The record is clear: New Orleans’s Robert E. Lee, Jefferson Davis and P.G.T. Beauregard statues were erected with the goal of rewriting history to glorify the Confederacy and perpetuate the idea of white supremacy. These monuments stand not as mournful markers of our legacy of slavery and segregation, but in reverence of it. They are an inaccurate recitation of our past, an affront to our present and a poor prescription for our future.
The right course, then, is to excise these symbols of injustice. The Battle of Liberty Place monument was not built to commemorate the fallen law enforcement officers of the racially integrated New Orleans police and state militia. It was meant to honor members of the Crescent City White League, the people who killed them. That kind of “honor” has no place in an American city. So, last month, we took the monument down.
This week, we began the removal of a statue honoring Davis, and soon thereafter Lee and Beauregard. It won’t erase history. But we can begin a new chapter of New Orleans’s history by placing these monuments, and the legacy of oppression they represent, in museums and other spaces where they can be viewed in an appropriate educational setting as examples of our capacity to change.
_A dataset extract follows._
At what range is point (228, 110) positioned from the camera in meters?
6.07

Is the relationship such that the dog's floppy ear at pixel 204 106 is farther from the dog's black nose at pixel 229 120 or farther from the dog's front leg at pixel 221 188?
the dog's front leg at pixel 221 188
After we’re done moving these monuments, we’ll face an even greater task: coming together to decide who we are as a city — and as a nation. Over the past few years, before the monument removal effort, we began Welcome Table New Orleans, which facilitates tough conversations about race and brings various communities together on projects in their neighborhoods. As part of our work, residents have discussed and designed reconciliation projects, such as a mural and oral history project on what was once part of a plantation, as monuments to the future, not the past.
Lexington Kentucky was the biggest slave market north of New Orleans. Long past time the snooty denizens of that city (in which I was raised, so I know of what I write) get their snowy white asses down off their thoroughbred high horses and demand the removal of Jeff Davis.